BUSINESSMAG. Quelles actions avez-vous menées alors ?

Le ministère a pris les actions nécessaires, au point que les fonds IDA (NdlR : fonds mis en place par l’Association internationale de développement – institution de la BM en charge des pays les plus pauvres) doivent être remboursés par l’État malgache. Il y a aussi des sanctions si les fonds ne sont pas bien utilisés. Nous protégeons nos fonds. Par ailleurs, nous mettons en place des règles de sauvegarde fiduciaires avec des procédures, des systèmes de comptabilité, des rapports trimestriels pour nous et pour le ministère des Finances et du budget qui gère la dette publique. Si nous découvrons des dépenses inéligibles ou du vol, l’État doit rembourser. On ne rigole pas avec l’argent des contribuables internationaux et les Malgaches.

BUSINESSMAG. Comment expliquez-vous les inégalités sociales flagrantes à Madagascar ?

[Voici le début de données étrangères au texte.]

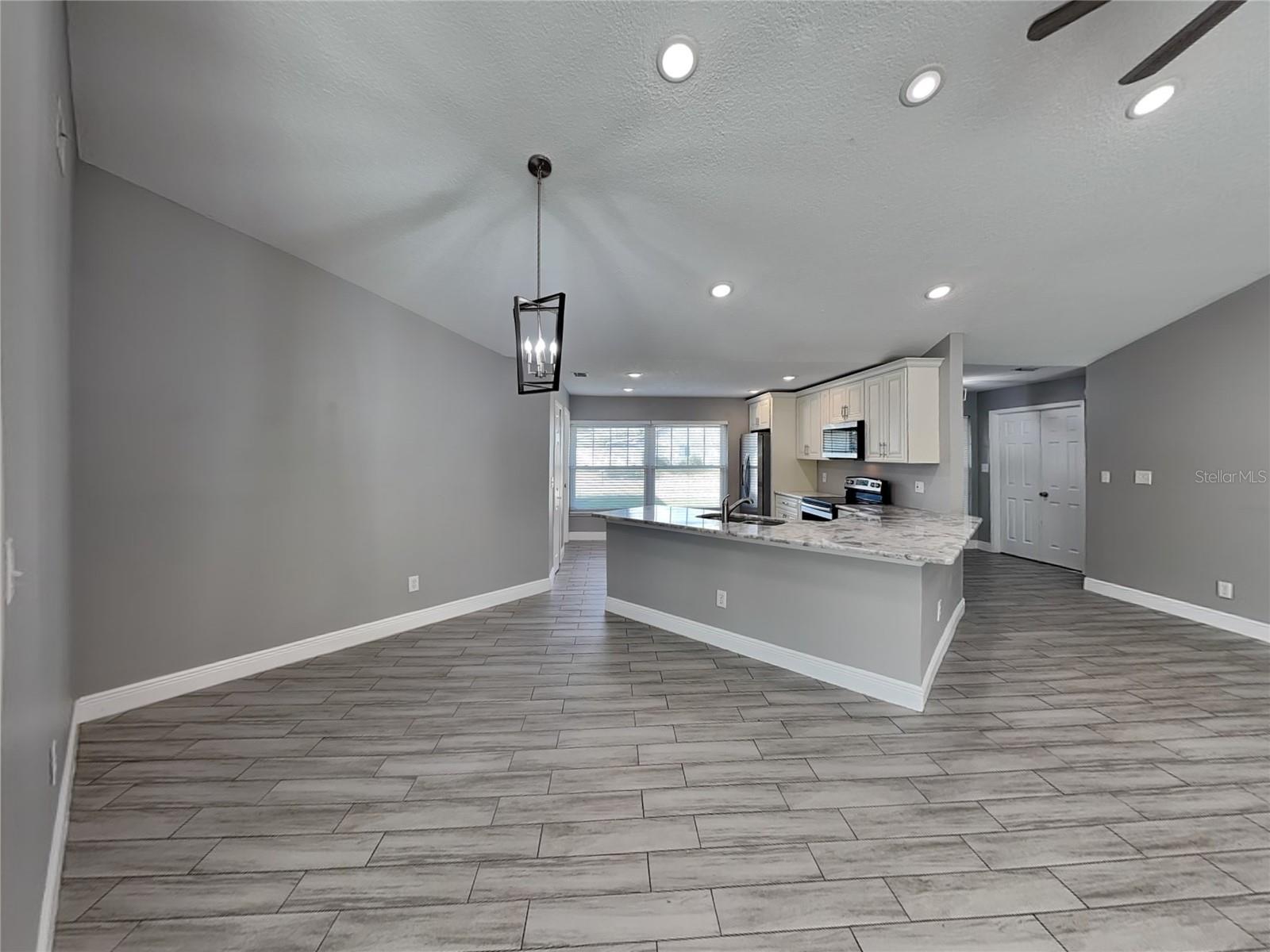 DEER RUN UNIT 10 - Residential Lease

L’inégalité est visible, en milieu urbain, notamment. En termes de chiffres, elle est dans les normes et stable. Elle se calcule par la différence entre les revenus les plus élevés et les plus faibles. À Madagascar, il y a les plus grands écarts d’opportunités économiques. Les tireurs de charrettes, les gens qui ramassent les déchets exercent des activités économiques, même si cela est dur. Je les respecte. Il y a aussi des opportunités économiques pour les classes moyennes comme les fonctionnaires, les travailleurs du textile – ils ne font pas partie des plus pauvres. Puis, il y a les chefs d’entreprise…

Il y a, par ailleurs, les fruits de la corruption. Le Service de renseignements financiers (Samifin) essaie de comprendre le mécanisme de cette corruption et de juguler cette situation. Une partie du développement de l’immobilier à Tananarive est le fruit de la corruption.

On voit ces 10 % qui vivent mieux que les autres et cela se traduit par des voitures luxueuses, des téléphones de plus en plus évolués… On ne condamne pas, mais c’est un choix de société. Il y a des sociétés dans lesquelles les gens aisés vivent discrètement mais il y a des sociétés où on veut montrer sa fortune par des dépenses ostentatoires.